▶ TASK OBJECTIVE
Every picture stays out; everything else in the listing below is to be returned exactly.

== STORED DATA

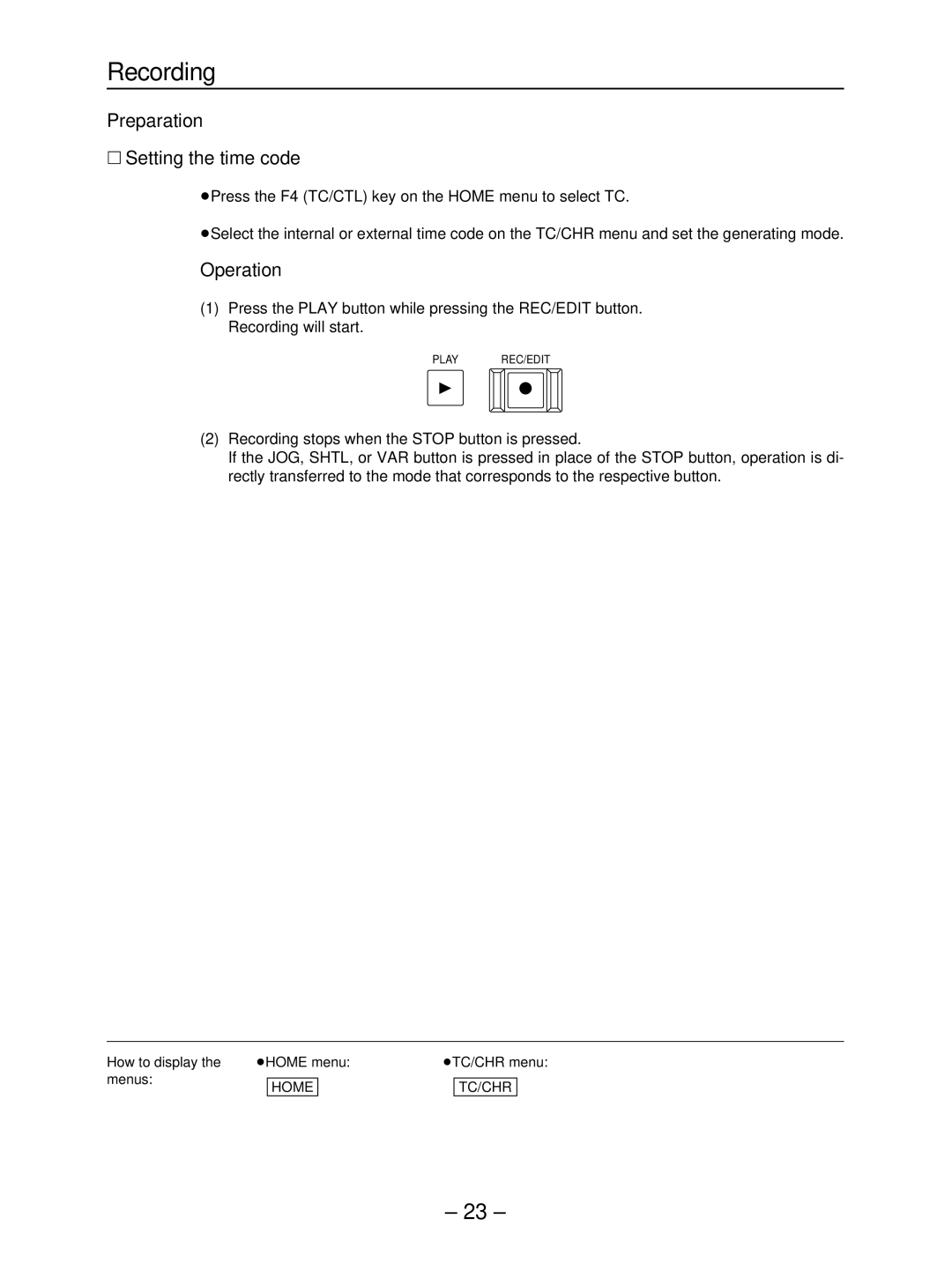 Panasonic AJ- HD3700B manual Preparation ∑ Setting the time code, Operation 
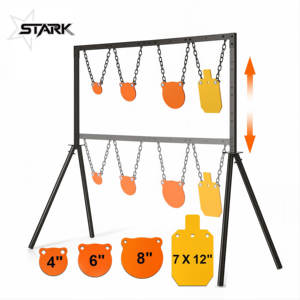 Kit Supporto per Bersagli in Acciaio Regolabile in Altezza - Struttura Completa per Poligono di Tiro all'Aperto con Bersagli Metallici da 4/6/8/7x12 Pollici e Catene - Product Image 1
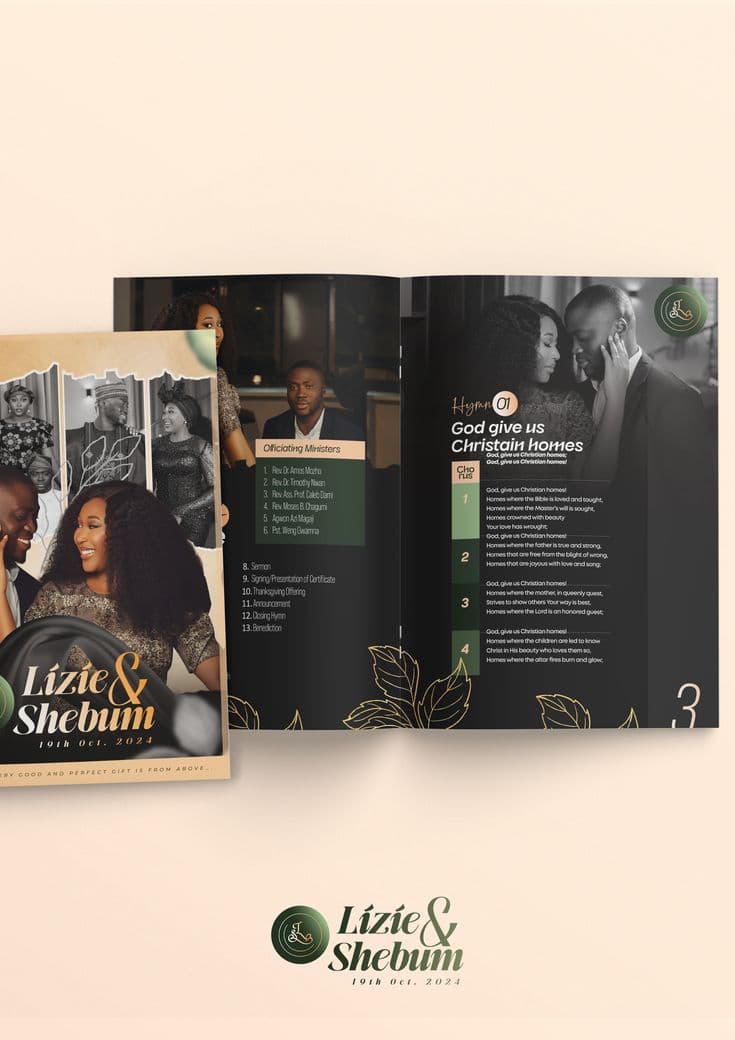 A5 wedding programme booklet with foiled cover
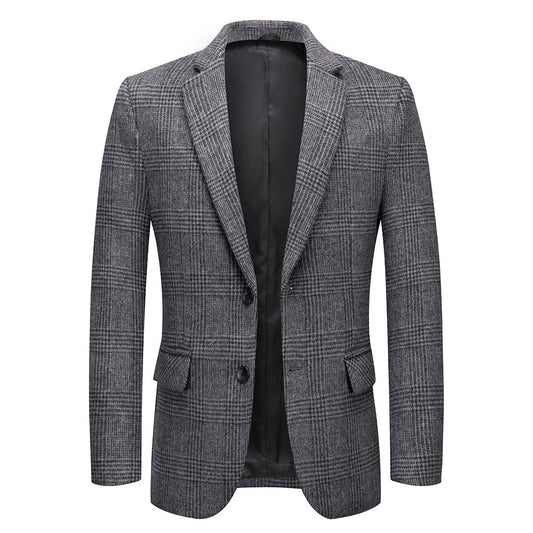Youthup Mens Slim Fit Wool Jacket Thick Cashmere Suit Blazer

====

▶ TASK RESPONSE
 Panasonic AJ- HD3700B manual Preparation ∑ Setting the time code, Operation 
 Kit Supporto per Bersagli in Acciaio Regolabile in Altezza - Struttura Completa per Poligono di Tiro all'Aperto con Bersagli Metallici da 4/6/8/7x12 Pollici e Catene - Product Image 1
 A5 wedding programme booklet with foiled cover
Youthup Mens Slim Fit Wool Jacket Thick Cashmere Suit Blazer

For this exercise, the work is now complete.